3. Using a glass marker, draw a line on the glass plate around 3 cm below the top of the plate. This indicates the level to which the resolving gel will be poured.

4. Prepare both the stacking and the resolving gel solutions at room temperature by combining all reagents according to Table 2, except for APS and TEMED (see Note 10).

5. Add APS and TEMED to the resolving gel solution (see Table 2 for the specified amount), and mix well by swirling gently. Pour the acrylamide gel mixture into the gel cassette.

6. Overlay the gel with isopropanol.

7. Allow the gel to polymerize for 1 h.

8. Remove the water/isopropanol overlay from the top of the gel, wash with water, and drain the excess water with strips of filter paper.

9. Add APS and TEMED to the stacking gel solution, and then pour the stacking solution gently on top of the resolving gel. This should be done gently to avoid bubbles.

10. Place the comb carefully onto the top of the gel and allow the gel to polymerize.

11. Following polymerization, set the gel in the Bio-Rad apparatus and fill up the tank with the running buffer till the recommended mark.

12. Remove the comb carefully, clear the lanes using a 1 mL syringe, and then load 20 μg of sample into each well. Use precision Plus Protein^™ Kaleidoscope^™ Prestained Protein Standard as a molecular size marker.

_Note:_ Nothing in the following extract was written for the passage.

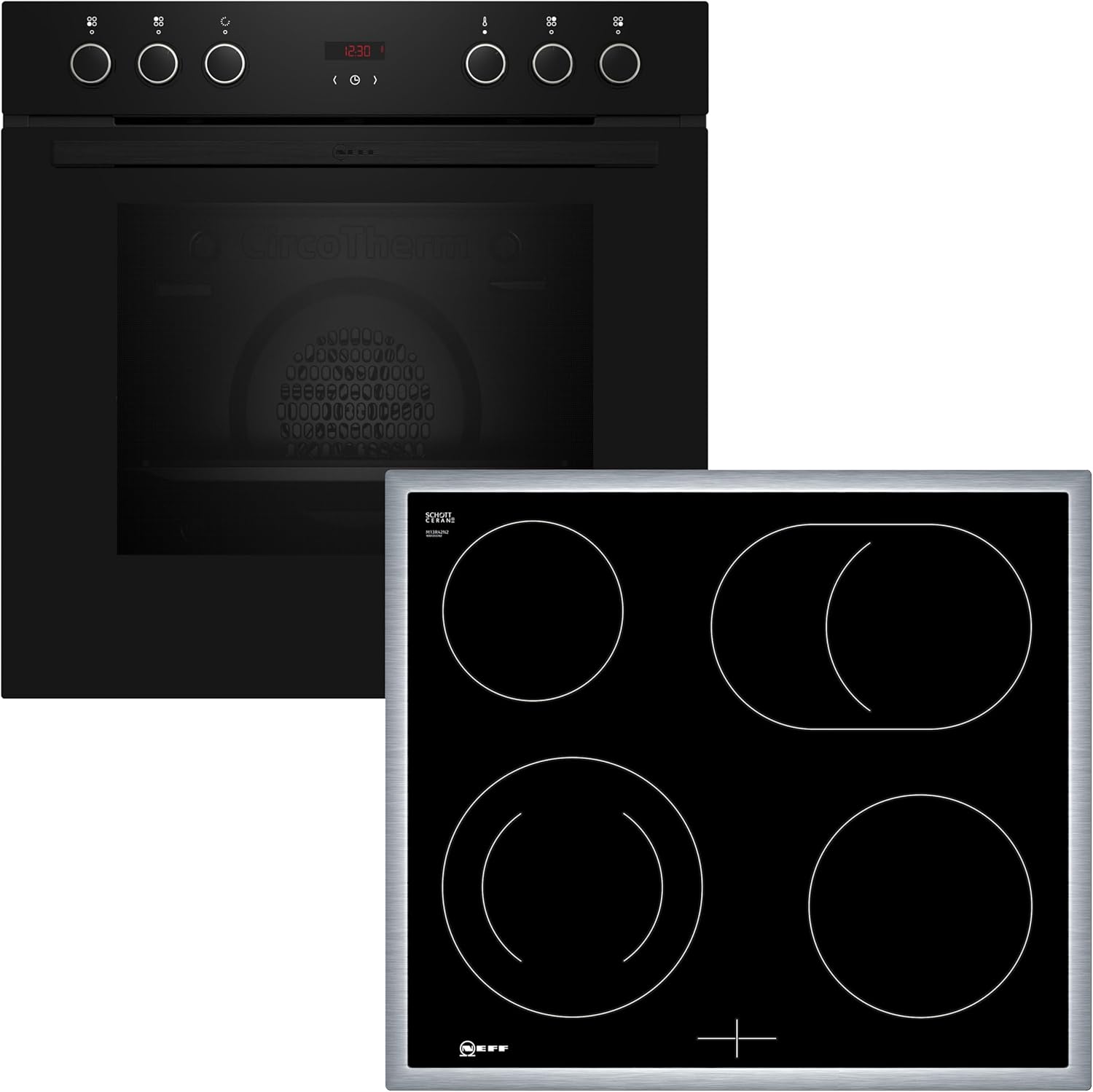 NEFF EDX442, Set composto da E1ECD0AN0, N 30, Forno da incasso con CircoTherm, 60 x 60 cm, Acciaio inossidabile e M13R42N2, N 50, Piano cottura elettrico controllato dal forno, 60 cm, Nero, con cornice a filo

13. Run the gel at 100 V at room temperature till the dye runs out of the gel.

Table 2.

Preparation of the hand cast gels for SDS-PAGE

Components	4% stacking	10% resolving
Acrylamide/bis-acrylamide 40%	0.8	5.32
Resolving gel buffer (mL)	–	5.32
Stacking gel buffer (mL)	2
Water (mL)	5.1	10.4
SDS 20% (μL)	40	106.4
APS10% (μL)	40	106.4
TEMED (μL)	8	8

3.6. Protein Transfer and Immunoblotting

1. After the electrophoresis run is over, disassemble the gel unit, and set up the transfer process. For the Invitrogen and Bio-Rad precast gels, carefully remove the plastic casing such that the gel is not torn apart.

2. Activate the PVDF membrane for transfer by incubating it in methanol for 2 min, followed by washing it in distilled water and 1 × cold transfer buffer.

3. Set up the gel for transfer in a way that the gel is on the cathode side (black side of the transfer cassette) and the PVDF membrane is placed on top of the gel facing the anode side (the transparent side of the cassette) (see Note 11).

4. Use a roller to remove any air bubbles between the gel and PVDF membrane (see Note 12).

5. Place the cassette into the transfer unit, fill it with 1× cold transfer buffer (kept at 4 °C), and run at 100 V for 2 h in a cold room (4 °C).

6. After the transfer, stain the membrane with Ponceau S solution to visualize the molecular weight marker for the native gel.

7. Block the PVDF membrane with the blocking solution for 1 h at room temperature.

8. Add primary antibodies, and incubate overnight (for 12 h to 16 h) in the cold room at 4 °C.

9. Wash the blots with TBST three times (10 min each) at room temperature.

10. Incubate the membrane with the corresponding secondary antibody for 2 h at room temperature.

11. Wash with 1× TBST three times and proceed to signal visualization.

3.7. Chemiluminescent Detection

1. Develop the blots using the Thermo Scientific SuperSignal^™ detection kit, which uses a luminol-based enhanced chemiluminescence (ECL) horseradish peroxidase (HRP) substrate, in a ChemiDoc MP system (Bio-Rad). Prepare the detection solution by mixing both components of the kit in a 1:1 ratio. Make approximately 0.1 mL detection solution for a 1 cm² membrane.

2. Take the membrane out of the TBST solution with tweezers, and remove excess buffer by holding the membrane in a vertical position, with the lower edge of the membrane touching a sheet of blotting paper.

3. Place the membrane on the developing tray.

4. Distribute the substrate evenly on the top of the membrane, incubate for 1 min, remove the solution, and insert the tray into the ChemiDoc MP machine for signal detection.

5. For re-blotting with a different antibody, the PVDF membranes can be stripped by boiling blots for 3 min in 5 mM EDTA in distilled water or by using commercially available stripping solutions.